(Crawled caption data)
╔══

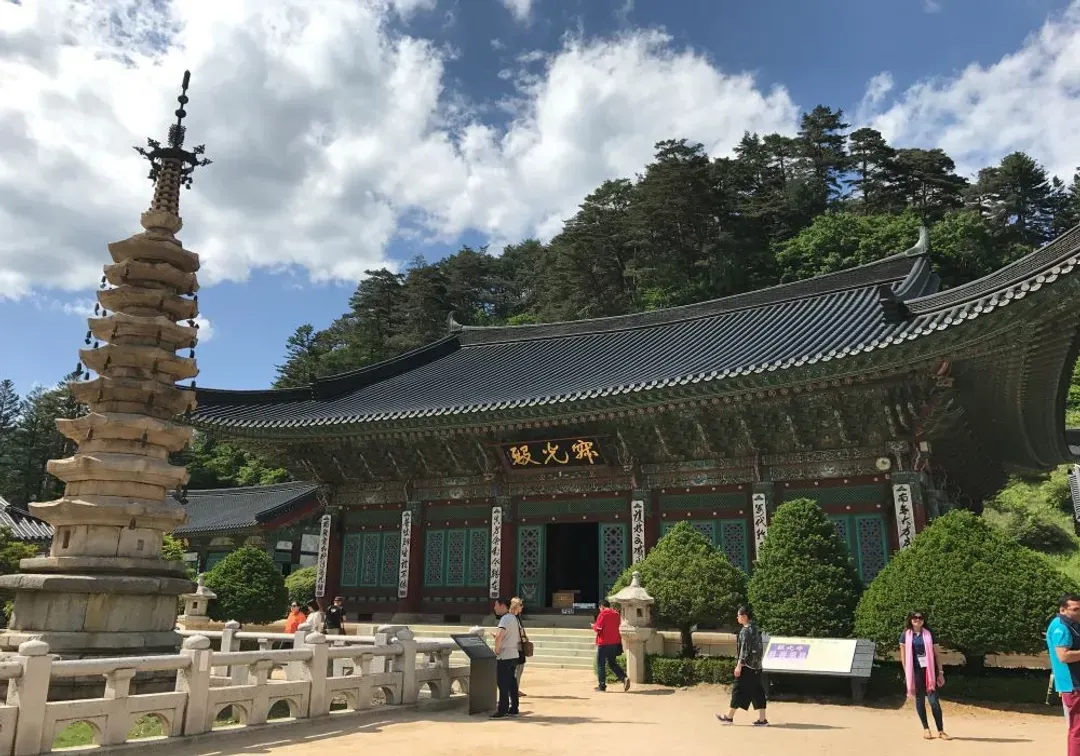 五臺山國立公園【千年古剎.月精寺】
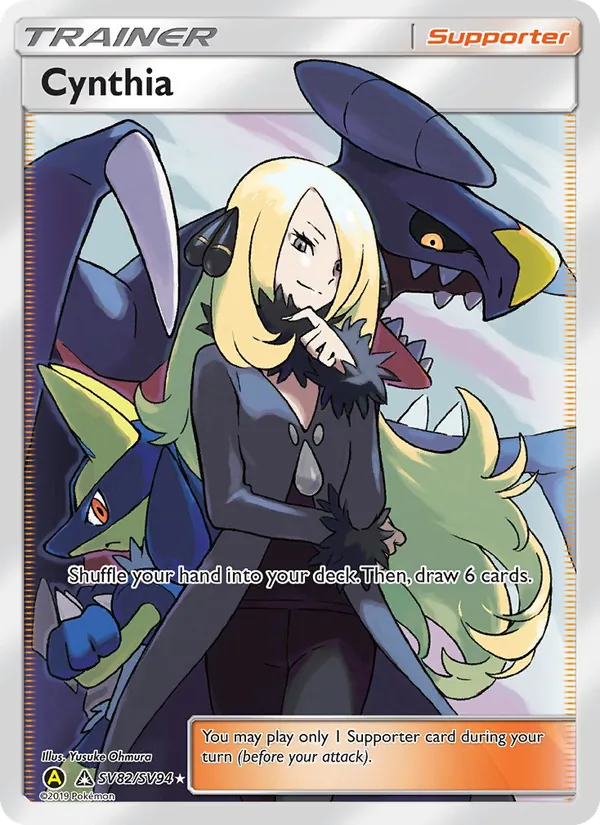 Cynthia #SV82 – Hidden Fates Shiny Vault card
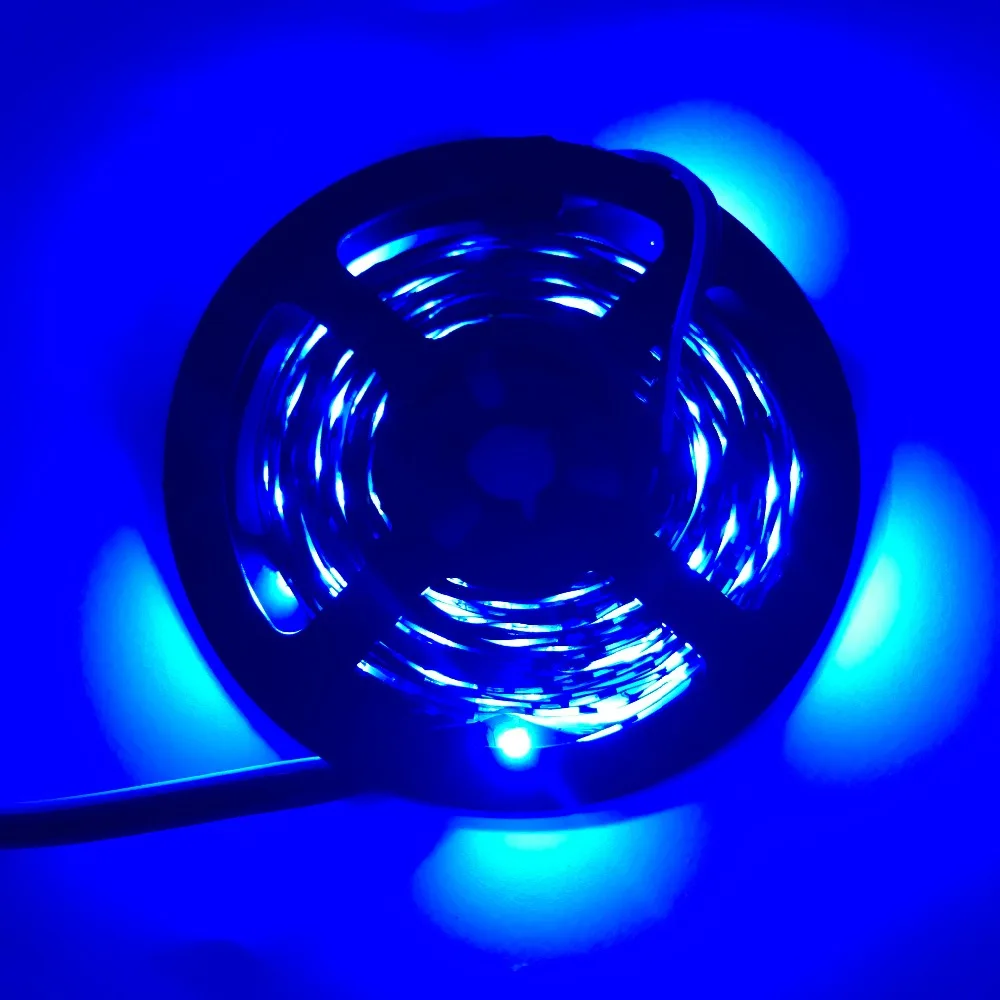 

Waterproof SMD RGB LED Strip Light 2835 5M LED Light rgb Leds tape diode ribbon Flexible Music Controller DC 12V Adapter set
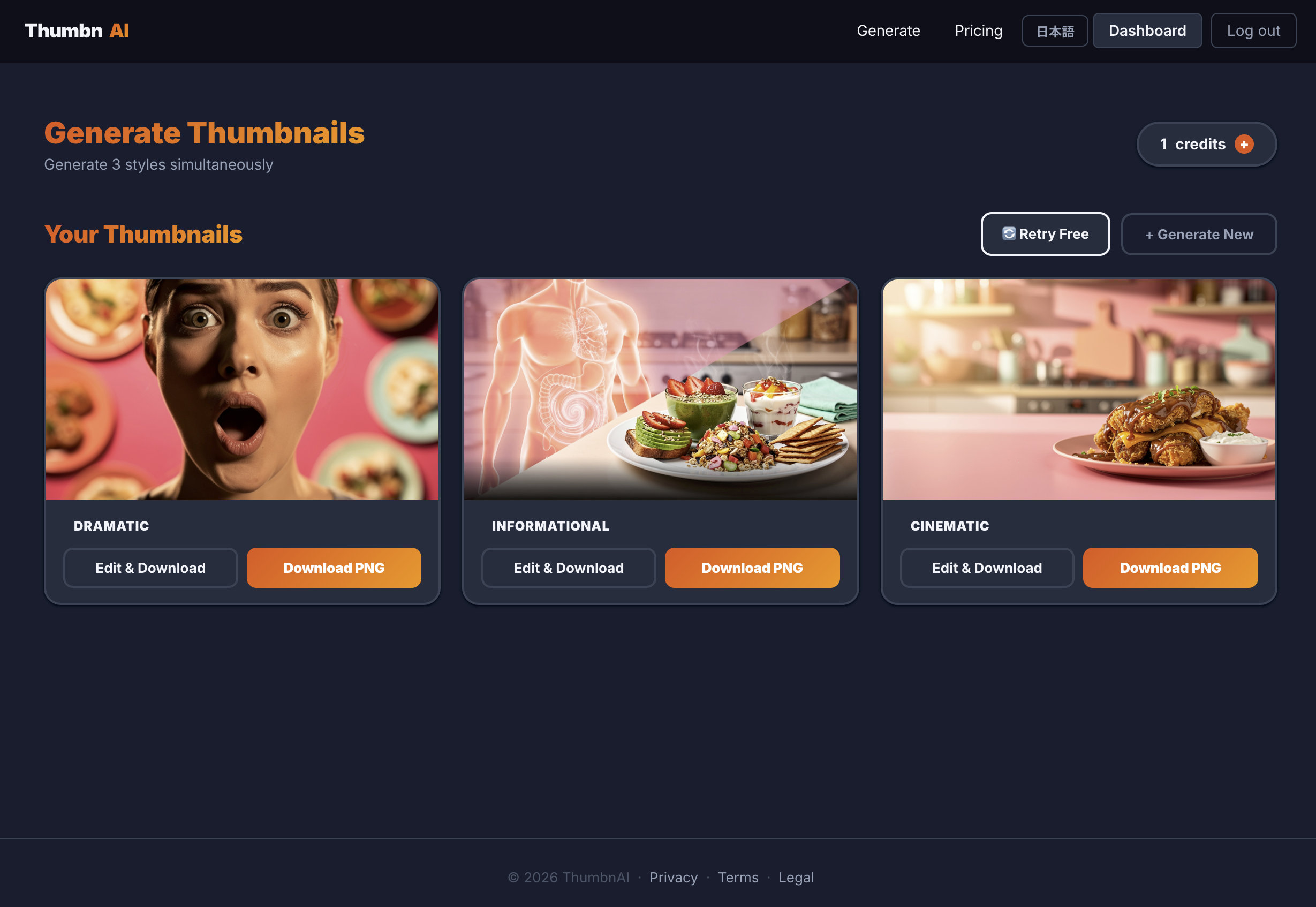 ThumbnAI — YouTube Thumbnail Generator gallery image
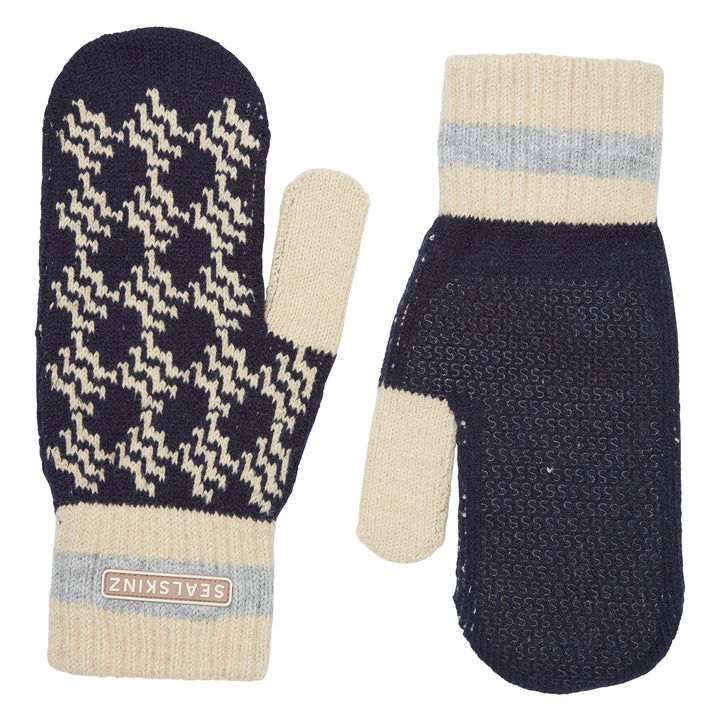 Waterproof Bobble Hat with Knitted Mitten For Men and Women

╚══

== Goal of the exercise ==
The images are to be left out; every line above should be set down exactly.

== Output ==
 五臺山國立公園【千年古剎.月精寺】
 Cynthia #SV82 – Hidden Fates Shiny Vault card

Waterproof SMD RGB LED Strip Light 2835 5M LED Light rgb Leds tape diode ribbon Flexible Music Controller DC 12V Adapter set
 ThumbnAI — YouTube Thumbnail Generator gallery image
 Waterproof Bobble Hat with Knitted Mitten For Men and Women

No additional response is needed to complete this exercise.